Le deuil d’un enfant
Cette employée de commerce et ce dessinateur sur machine se sont rencontrés en 2008. Passionnés de voyage, ils ne sont pas pressés d’avoir tout de suite un enfant. «J’ai arrêté la pilule en 2011, me disant: "Ça viendra quand ça viendra", raconte la jeune maman épanouie. Mais ça n’est jamais venu. Nina a toujours beaucoup souffert lors de ses menstruations, sans vraiment qu’on trouve l’origine de son mal, ni qu’un diagnostic soit posé. «J’avais vu des émissions concernant l’endométriose, cette maladie qui entraîne souvent une stérilité, je me disais que j’en étais peut-être atteinte, mais comme je n’en avais pas les symptômes, cela me rassurait.»
Au fil des ans, et des émotions douloureuses que connaissent toutes les femmes en mal d’enfant, «croiser une femme enceinte, se réjouir pour une amie qui va être mère, affronter le regard compatissant de certains», Nina et Olivier se font une raison. «Peut-être que ce n’était pas notre destin, on vivrait notre bonheur autrement, se disait-on à l’époque.» Mais au vu des douleurs qui ne s’atténuent pas, la Fribourgeoise subit une laparoscopie à la fin de l’année 2016. En vain, les douleurs reviendront le mois suivant. Endométriose diagnostiquée.
Malgré une opération, le couperet tombe très vite de la bouche du médecin: «Vous avez une réserve ovarienne trop faible pour espérer pouvoir enfanter sans l’aide de la procréation médicalement assistée.» «C’était difficile à entendre, mais au moins cela nous a fait gagner du temps.» Mais Nina hésite: «J’avais fait le deuil d’un enfant, devoir tout recommencer en cas d’échec, c’était insupportable.» C’est finalement Olivier qui convainc sa femme. «Si on n’essaie pas, on aura des regrets», lui dit-il. Et vivre avec des regrets, ce n’est bon ni pour la santé ni pour le moral.
Donneuse anonyme
Après s’être renseignés et avoir fait appel à une coach FIV (voir ci-dessous), le couple décide de partir à l’étranger. D’abord pour une question de coût: en Suisse, il faut compter environ 10'000 francs par fécondation in vitro, non remboursés par l’assurance maladie, contre des tarifs moins élevés en Espagne ou en République tchèque. «Adva, notre coach, a fait le lien avec une clinique spécialisée à Brno, en République tchèque, où on a été traités comme des VIP. Elle a été un précieux soutien et nous a aussi prodigué des conseils judicieux.»

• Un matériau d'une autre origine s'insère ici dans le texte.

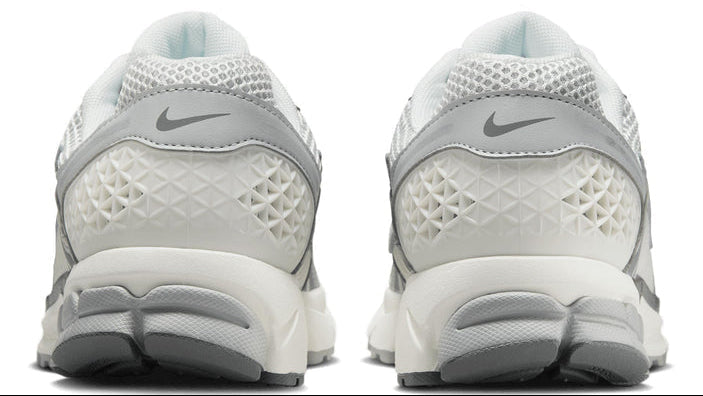 Zoom Vomero 5 Summit White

La première FIV, avec les ovules de Nina, en avril 2017, est un échec. La deuxième, en juin, se solde de nouveau par la perte de l’embryon en laboratoire. L’idée de faire appel à une donneuse s’impose. Nina: «Au début, c’était difficile pour moi de me dire que ce ne serait pas mes gamètes; j’avais peur, si le bébé devait naître, de ne pas arriver à le considérer comme mon enfant.» Une crainte vite balayée dès les premières manifestations de Sacha dans son ventre. «Pour moi, ajoute son mari, c’était évident, cet embryon allait grandir à l’intérieur de Nina, partager son sang, à la fin, ce serait nous deux, quand même, à l’origine de ce bébé!»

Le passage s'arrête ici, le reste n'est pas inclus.